▶ [Task description]
Drop every picture. Then return, exactly, the lines from the beginning of the listing below through the one containing "Spa Step Grey Poly Rattan 92x45x25 cm 46461".

Records shown section start

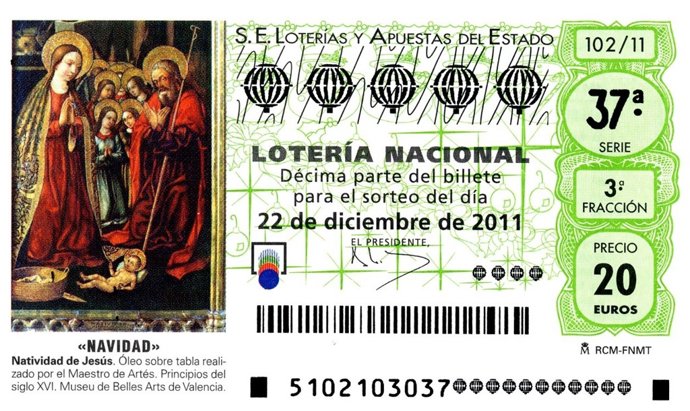 Décimo De Lotería De Navidad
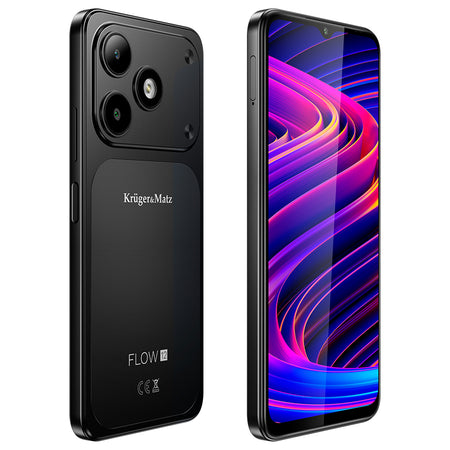 Smartphone Flow 12 cu ecran de 6,56 inch, 4 GB RAM și 64 GB memorie, negru Kruger Matz KM05007-B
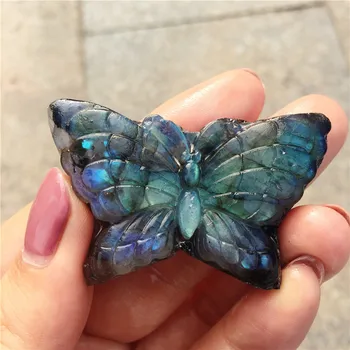 1pcs Gražių kristalų drožiniai gamtos ranka raižyti labradoras akmens drugelio bižuterijos karoliai dovanos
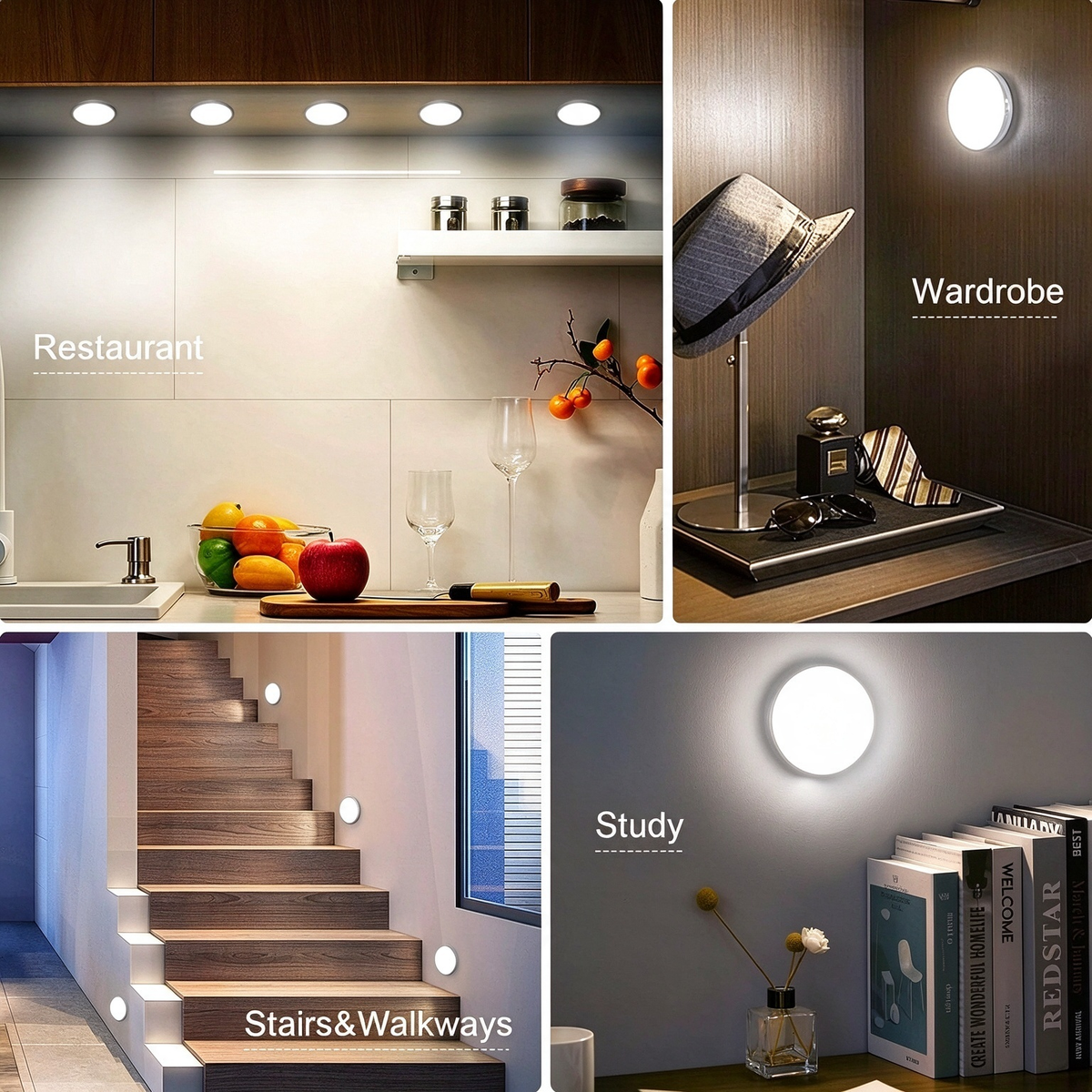 6 Pcs Motion Sensor Light, Rechargeable Night Light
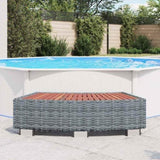 Spa Step Grey Poly Rattan 92x45x25 cm 46461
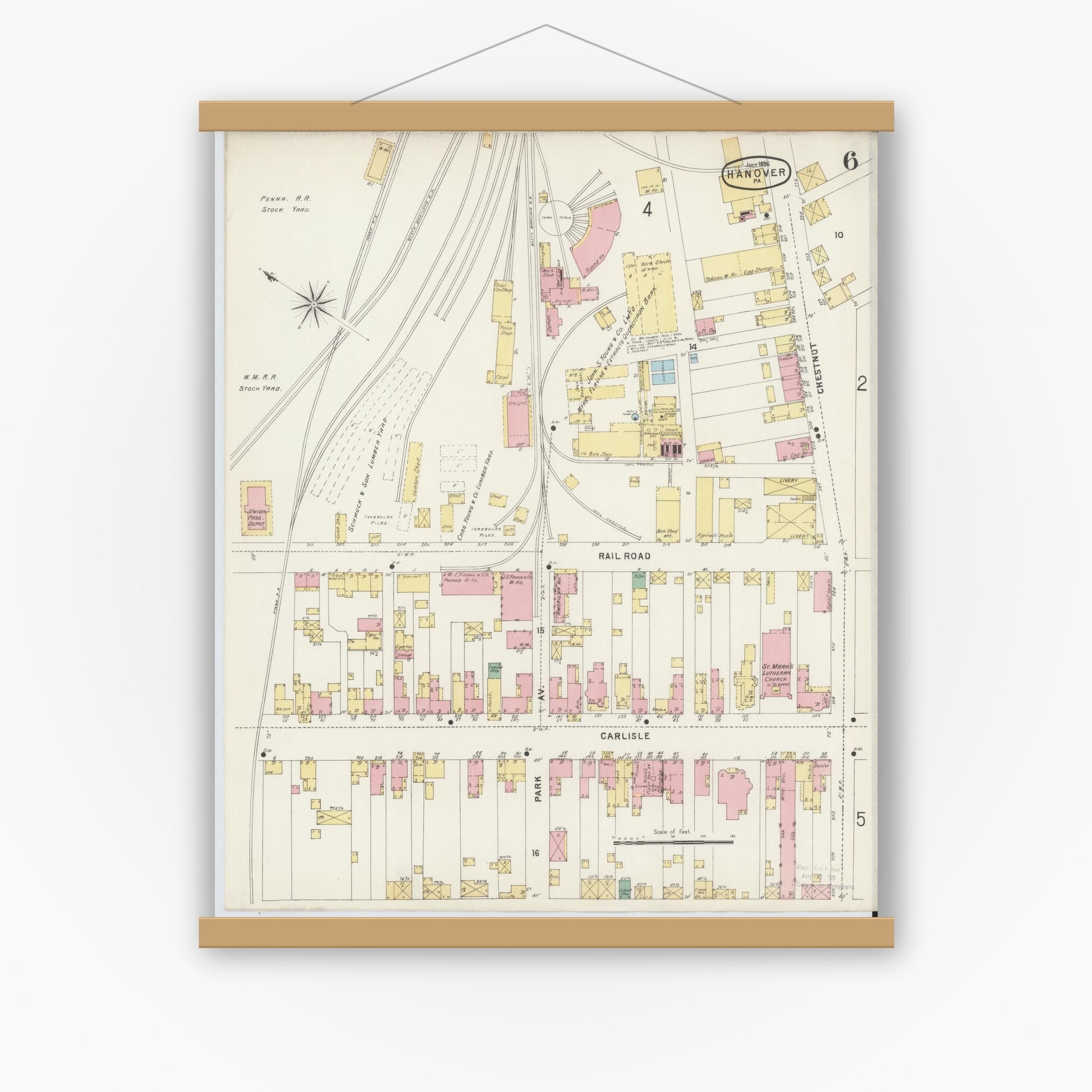 Old map wall art mockup — magnetic wood frame on white wall — Sanborn Fire Insurance Map from Hanover, York County, Pennsylvania (1896), Sheet #0006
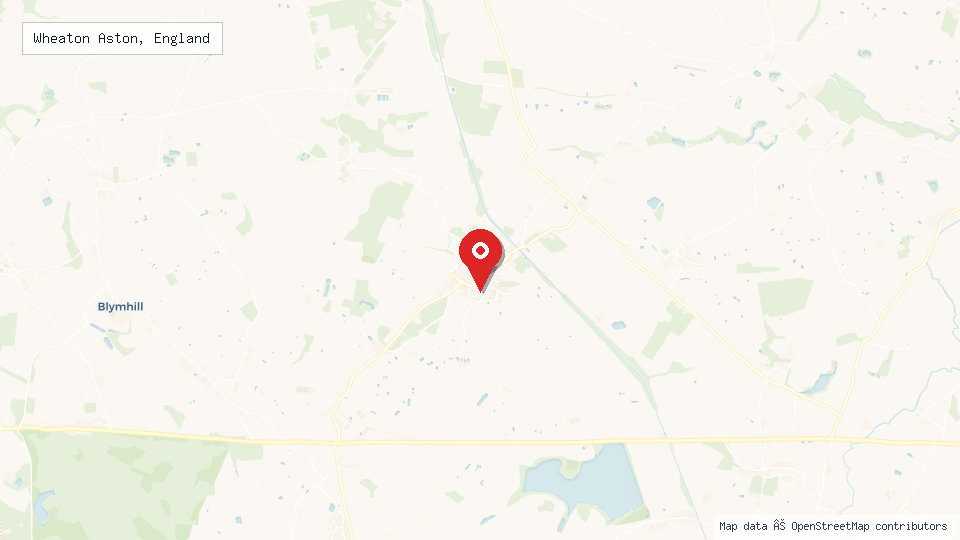 Street map of Wheaton Aston, England with location pin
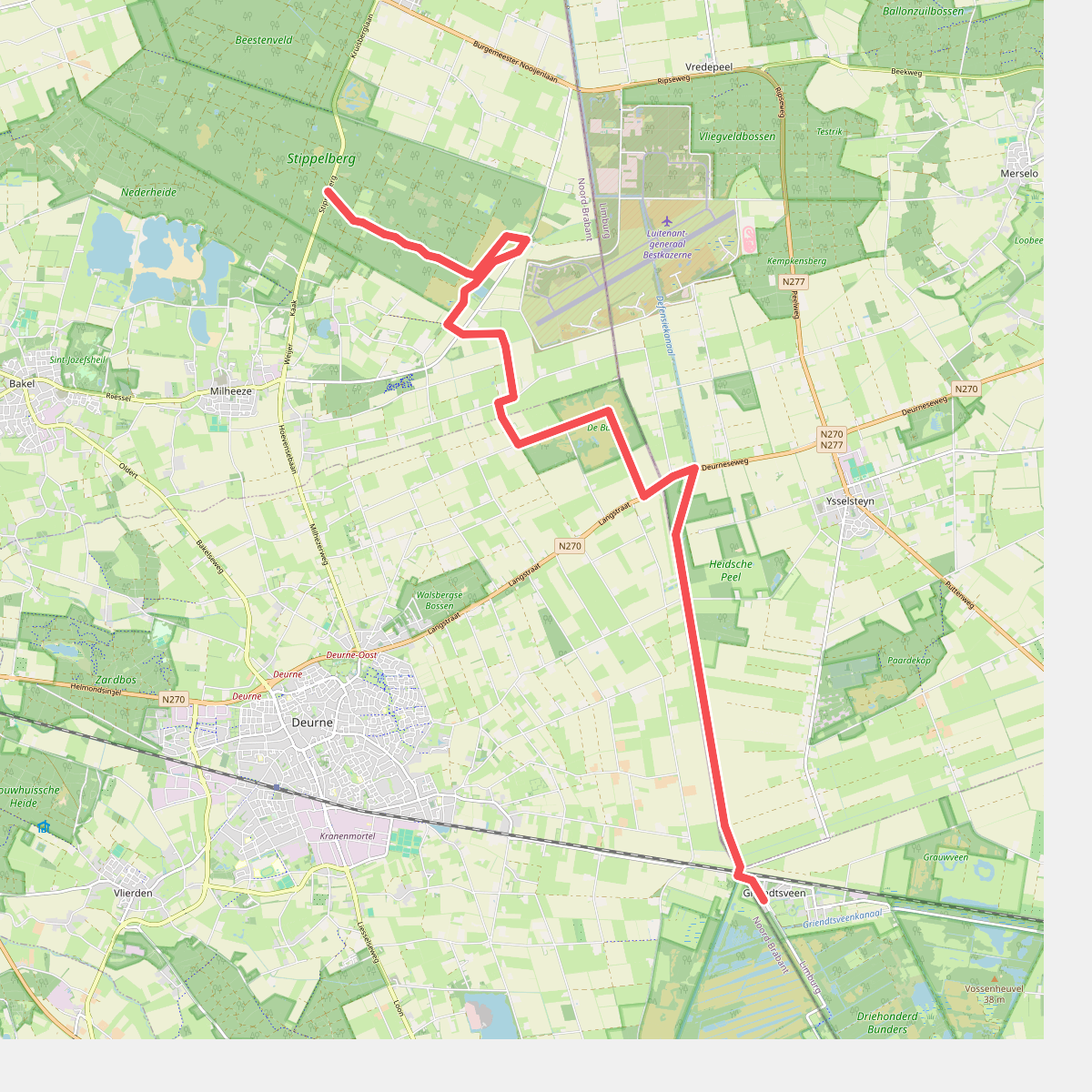 Stippelberg (bushalte) - Griendtsveen · Hertogenpad etappe 8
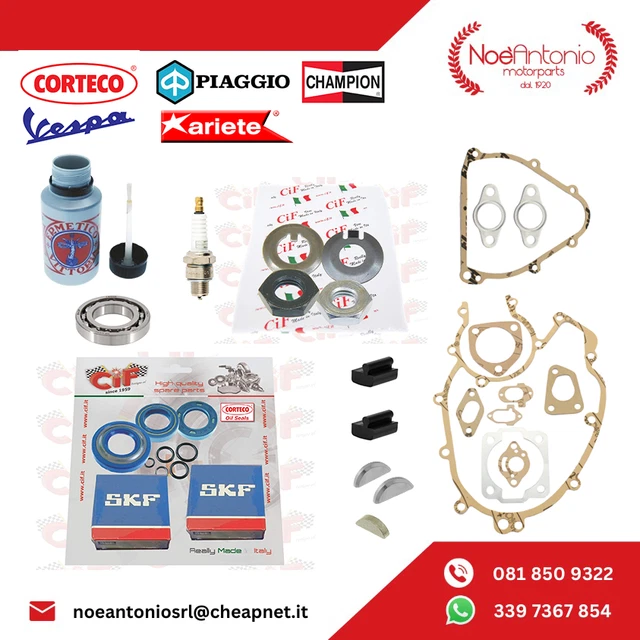 Kit Completo De Revisión Para Motor Piaggio Vespa 50 Special L R N Cusicnetti SKF Sellos Y Retenes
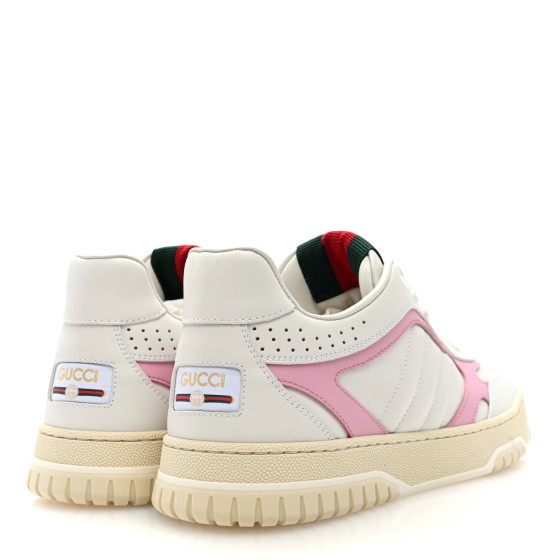 GUCCI レディース GUCCI Calfskin Womens Re-Web Sneakers 39.5 White Pink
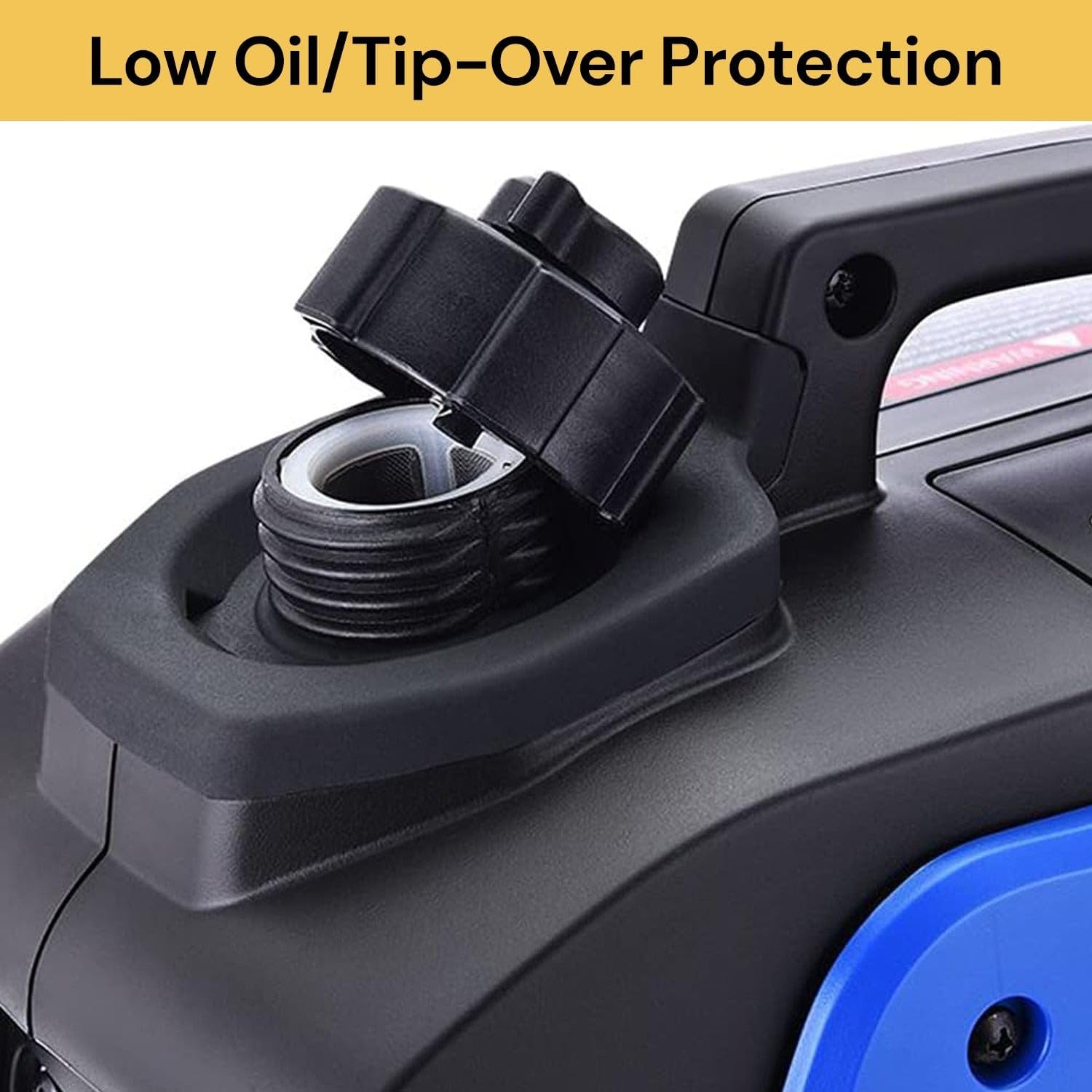 EZONEDEAL Inverter Generator for Home Use - 800W Max, 700W Rated, 100% Pure Sine Wave, Petrol, Portable Generator for Camping - Blue image number 4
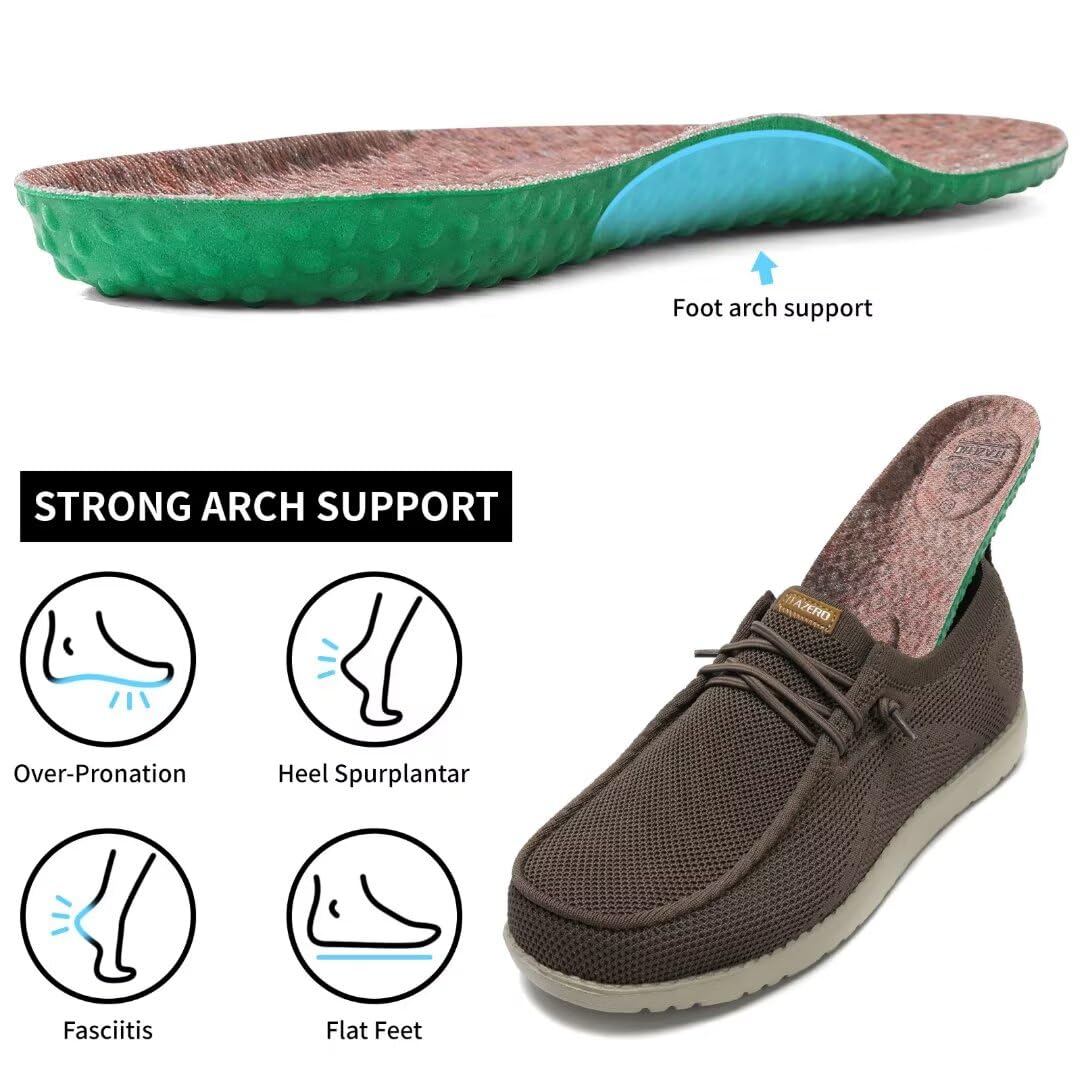 ITAZERO Extra Wide Shoes for Men 6E Comfortable Lightweight Orthopedic Loafers with Arch Support for Swollen Feet Big and Tall Shoes(Khaki 11)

Records shown section end

▶ [Task answer]
 Décimo De Lotería De Navidad
 Smartphone Flow 12 cu ecran de 6,56 inch, 4 GB RAM și 64 GB memorie, negru Kruger Matz KM05007-B
 1pcs Gražių kristalų drožiniai gamtos ranka raižyti labradoras akmens drugelio bižuterijos karoliai dovanos
 6 Pcs Motion Sensor Light, Rechargeable Night Light
 Spa Step Grey Poly Rattan 92x45x25 cm 46461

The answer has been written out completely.